Davis also shared a childhood memory of a meth lab explosion in his neighbourhood, which he says led him to realize that prohibitions can do more harm than good. 

That the City Council hereby maintains that the use and possession of all controlled substances should be understood first and primarily as an issue of public health by city departments, agencies, boards, commissions, and all employees of the city

City Council of Somerville, Massachusetts

Personal stories worked as a catalyst in decriminalizing possession of entheogens in Somerville. Davis says the Bay Staters happened to find city council members who cared about ending the war on drugs, who have seen their friends die of opioid abuse, and have lost their loved ones.

Jennifer Stell, one of the six co-founders, wrote to Truffle, sharing her experience as a person who suffered from chronic cluster headaches and migraines since a young age. “This debilitating illness has brought me to some dark places in my life including an addiction to opioids to manage the pain. I was also arrested when I was 17 for possession of two ounces of cannabis which I used to help with symptom management.” 

Later, Stell found solace in entheogenic medicines, helping her in overcoming substance addiction. “As one of many who has fallen victim to the war on drugs I believe that our community and state would see tremendous benefits from decriminalizing these medicines for therapeutic use,” she adds.

While organizations like Decriminalize Nature have a strong nation-wide influence in leading decriminalization movements, grassroots organizations play a vital role in stimulating and strengthening the cause for locals, making it more relatable for every household.

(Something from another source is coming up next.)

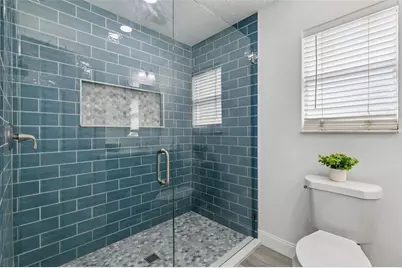 7503 Pacific Heights Circle, Orlando, FL 32835 - Photo 16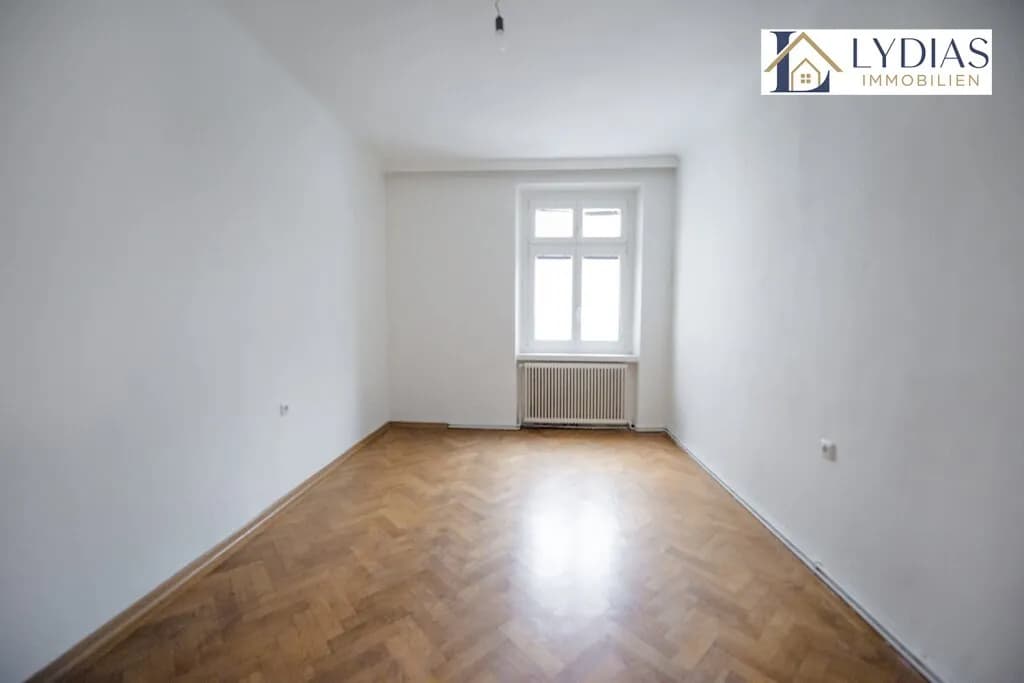 2-Zimmer-Wohnung kaufen in Wien – 63 m², € 198.700 – Bild 6 von 15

“… it’s About Inspiring Others.”

During the interview with Truffle Report, Davis emphasized the impact a small group of friends can make, taking one day at a time. “In Somerville, to get that resolution passed, we really just needed about 10 volunteers from the city of Somerville consistently,” he says.

 The city council of Somerville had unanimously voted to decriminalize possession of entheogenic plants and fungi on January 14, becoming the first city to do so in Massachusetts. 

While it took months of preparation to bring the council members to vote in favour, Davis says that it is not hard to do and that this process could be repeated elsewhere. “I want people to know how easy it is for those who want to get organized and do this themselves, to just put together a group of friends,” he says.

The team was determined to start a conversation despite disagreements. “Things don’t happen overnight, It is a lot of work but we shouldn’t get discouraged and keep having that conversation,” Davis says. He adds, “We’re going to change drug laws by demanding persuasively, consistently, and respectfully that the lawmakers do the right thing.” 

The organization is currently in conversation with three other cities in Massachusetts. They believe Cambridge is likely to decriminalize possession in the near future.

As a parting thought, Davis says, “We’re not going to accept just one small victory. We want to work toward a state and a country where any person can access an entheogenic plant to cope with addiction, migraine, trauma, and depression.”